Michael Meade, using a poetic artistic palette, reveals a way of discovering meaning while being led by the mysteries of folktales and mythic stories that he finds in studying archival books, artistic images, and the revelations woven into his dreams.
Whether it is Markendaya finding himself in the despair of swimming in a vast limitless ocean, the myriad sureties of old blind men describing an elephant, or the quandary of a mullah looking for lost keys. Meade builds an imaginal vocabulary that maps a path to an understanding of the complex beauty and layered architecture of mythic images. He encourages us to catch sight of a place for ourselves in these stories, by using our own language, in our own time, without losing the ancient veil that keeps our ideas from becoming the destructive literalism of modern thought.
He breathes life into these stories and they, in turn, give guidance, healing, and discovery to all who struggle to be found in them, a profoundly magical read.

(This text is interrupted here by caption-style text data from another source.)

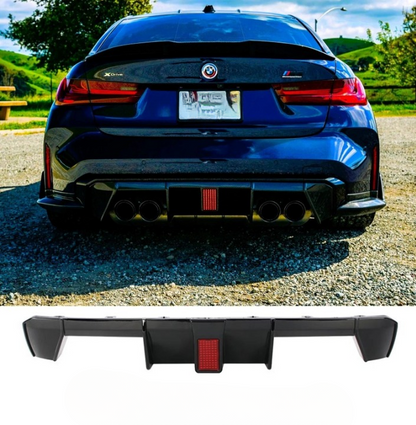 🔥ART.8663 DIFFUSORE POSTERIORE PER BMW M3 M4 G80 G82  NERO LUCIDO LABBRO LED🔥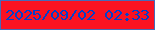 文字の大きさ：4、枠の色：466ab8、背景の色：fa1222、文字の色：0240cb 無料ブログパーツのブログ時計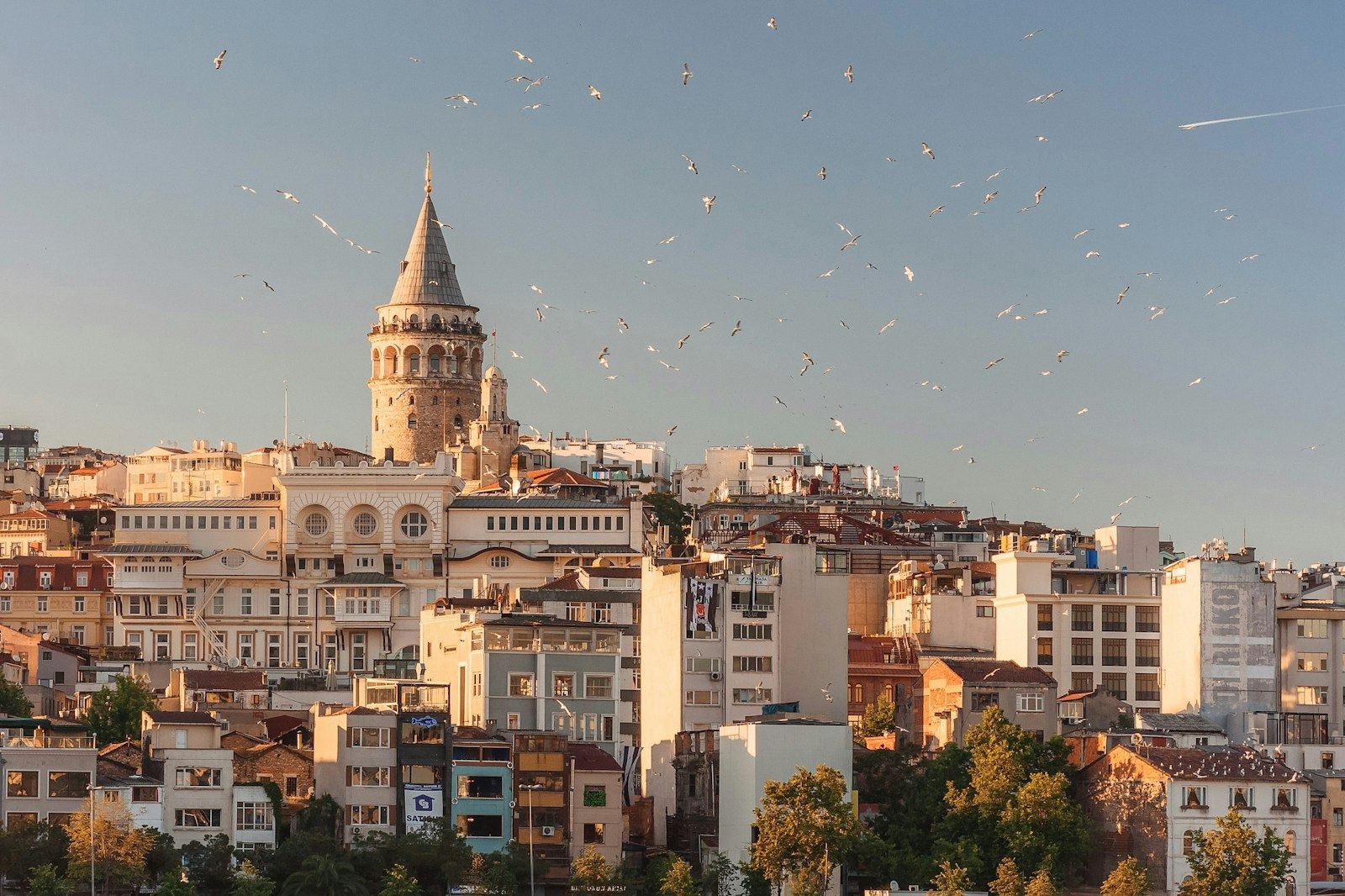 Boğaz üzerinde vapur ve arkada şehir silueti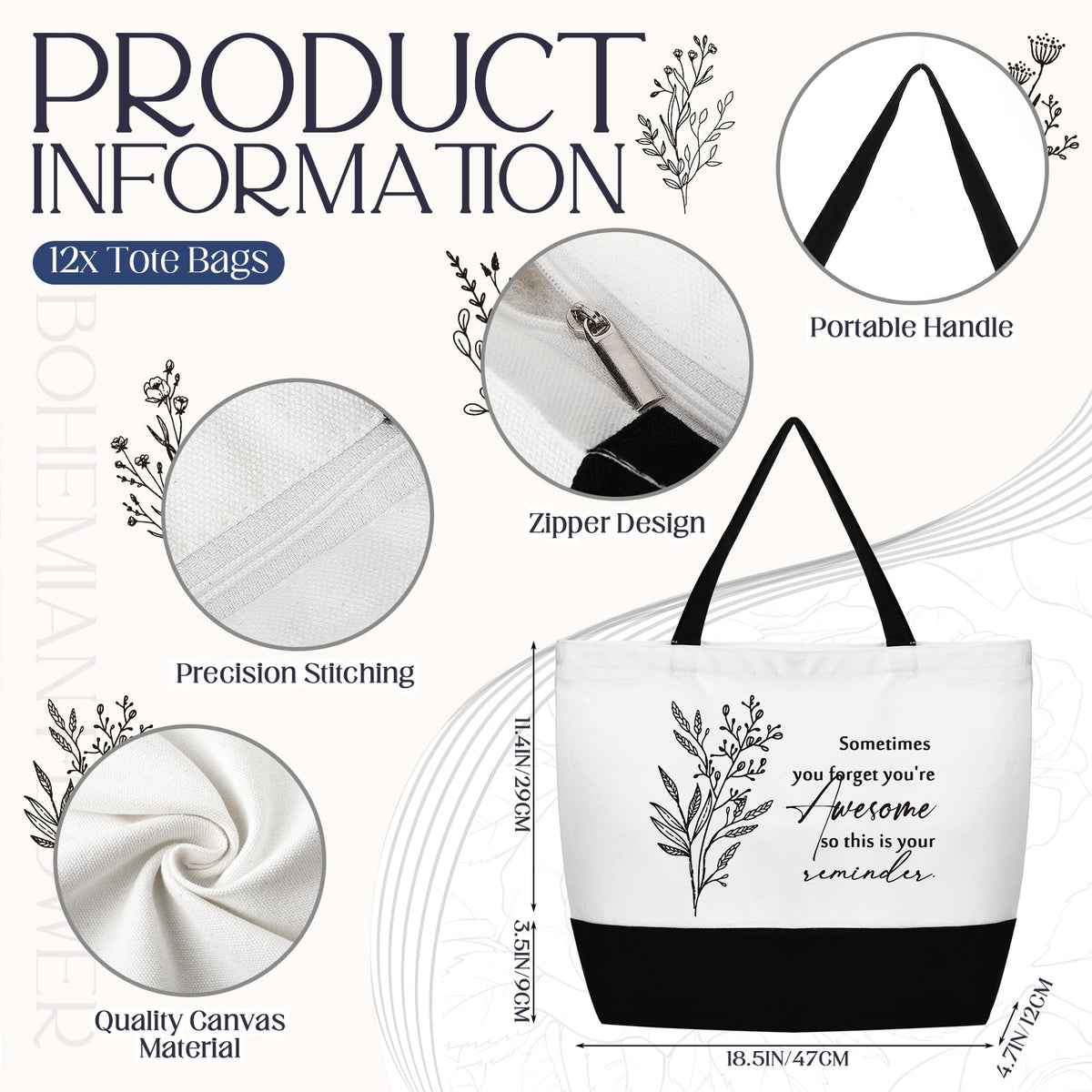 Cunno large canvas tote bag showing spacious interior for daily use.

A poetic and mythic exploration of the modern world. May 1, 2008 7 out of 8 found this review helpful
Meade once again takes us into the territory of myth and story with The World Behind the World. The idea that the world is ending is woven throughout our culture. Meade explores the idea that science, religion, and culture are surprisingly agreeing that the world is ending. Viewing this notion through the lens of myth, Meade displays his ability to synthesize the collective views of the end-times of many cultures and many eras of human thought into a cohesive theory that the world cannot end unless it runs out of stories. Meade finds the common threads that run throughout creation and re-creation stories from all corners of the human experience. The end result is a reassuring reminder that we may be at one of the many "ends" of time, not the literal "end" of time. He explores similar ideas in The Ends of Time, the Roots of Eternity.

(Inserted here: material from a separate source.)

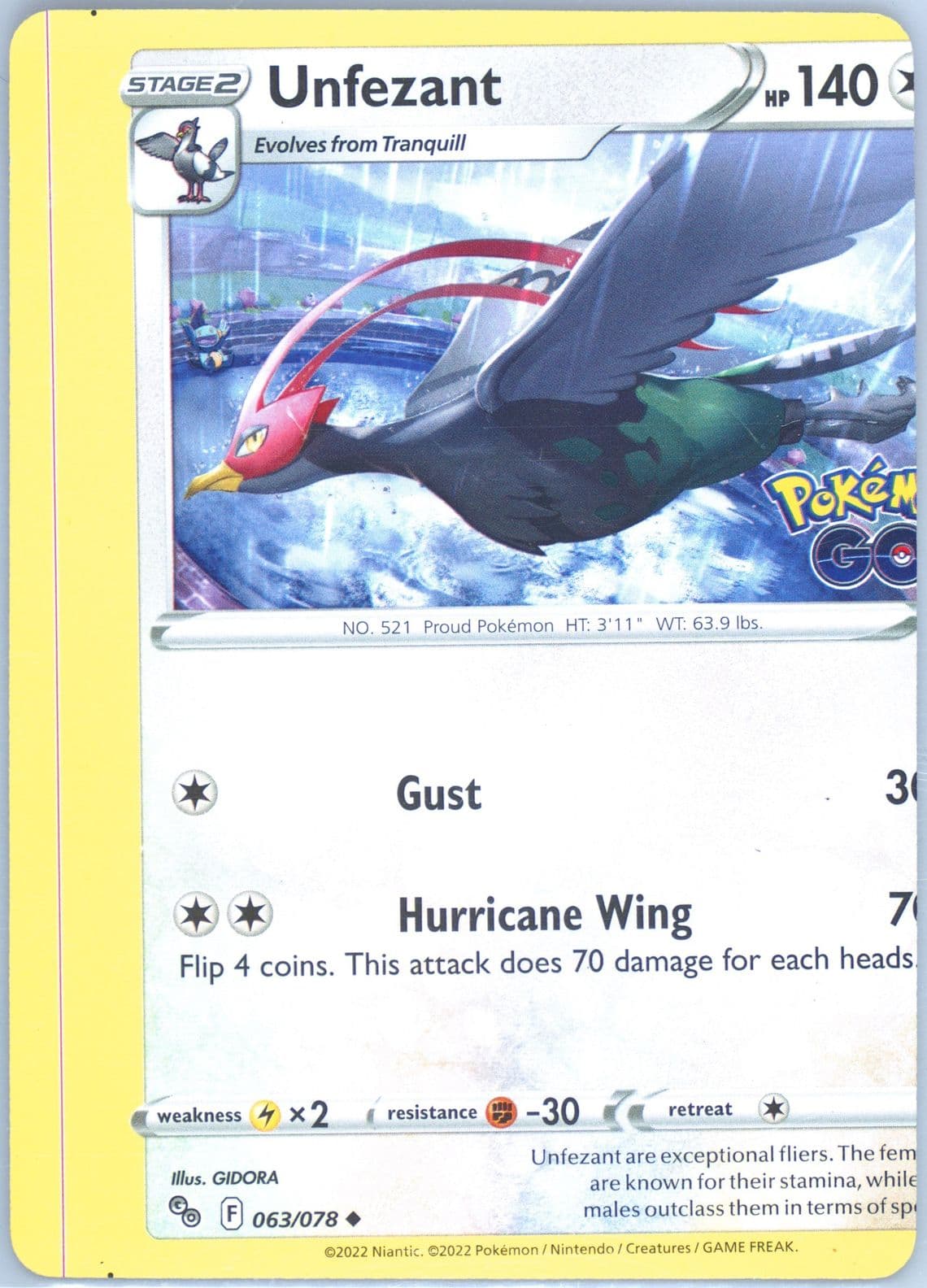 Unfezant (063) 2022 Pokemon Go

More so than in The Water of Life: Initiation and the Tempering of the Soul, Meade has found a way to weave the natural rhythms and flow of his storytelling style into his writing. Anyone who has seen him speak will instantly recognize this voice within the book. Overall, The World Behind the World is a very approachable and enjoyable read; neither too scholarly, nor overly simplified. It places the reader squarely in the story of our times, serving as a reminder that many cultures have faced "the end" before, but that the "ends" exist to lead to renewal and new beginnings.